Fatso in his chair with his backless gown and an I.V. in each arm leans forward until his very large and very serious face is just an inch or two from the smiling young woman’s. The Bear growls deep like distant thunder.

“No. I don’t think so.”

It rattles the poor kid, and he has to apologize and thank her profusely for her kindness. After she leaves, he smiles to himself in his chair. He can’t wait to get out of here.

376

Sunday, December 21, 2014

Solstice

 


“It's very difficult to look at the World
and into your heart at the same time.
In between, a life has passed.”
Jim Harrison

In the hospital room, a few hours out of intensive care, somebody asked me “What will you do about this?”

Linda Reis (bless her heart) said “I know what you’ll do. You’ll write about it.”

Linda, as usual, was right. The problem is: a whisker close brush with the hereafter (actually two of them five days apart) is a big piece of landscape, and a fair treatment could grow easily into a dreary and self-absorbed tome, so let’s nip that crap in the bud, shall we? A summary is in order…

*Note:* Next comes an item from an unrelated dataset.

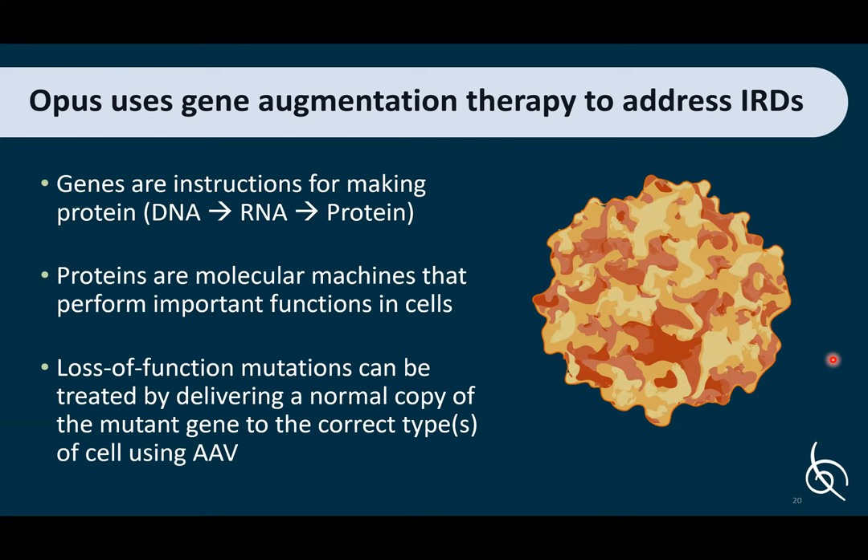To summarize: genes are instructions for making proteins, and the central dogma of biology is DNA to RNA to protein. Proteins are molecular machines that perform important functions in cells. Mutations in genes can alter protein function — loss of function mutations can cause no protein or a non-functional protein to be made, while gain of function mutations cause too much protein or an overactive function. Loss of function mutations can be treated by delivering a normal copy of the gene to the correct cell type using AAV gene therapy.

A years-long combination of self-abuse and the well documented failings of what passes for health care in this country reduced my ability to absorb oxygen to less than half that of a normal person. I managed to wreck a car after falling asleep at the wheel, stuffing myself beneath an 18-wheeler. I opened the door and walked away with a quarter sized bruise on my shoulder. Five days later, I became incoherent, was rushed to a hospital, and went into pulmonary arrest. I don’t remember most of it thank God. I awoke two days later intubated. When they yanked out the tube (something I do not wish on any of you) I was informed that miraculously, there was no damage to my heart, lungs, liver, kidneys, etc., that I had in fact stepped out of the way of another bullet.

There are the basics.

At some point, I want to talk about how a constitutionally vigorous physically tough person who has been an outdoorsman throughout his adult life gets to weigh nearly 400 pounds. Not now. The story is surprisingly complex, and is woven warp-and-weft with how we understand love and how we see ourselves. For now, just know that however you see yourself and your place in this world, you are at least partially deceived: maybe a whole lot. Examination is always worthwhile. Be careful.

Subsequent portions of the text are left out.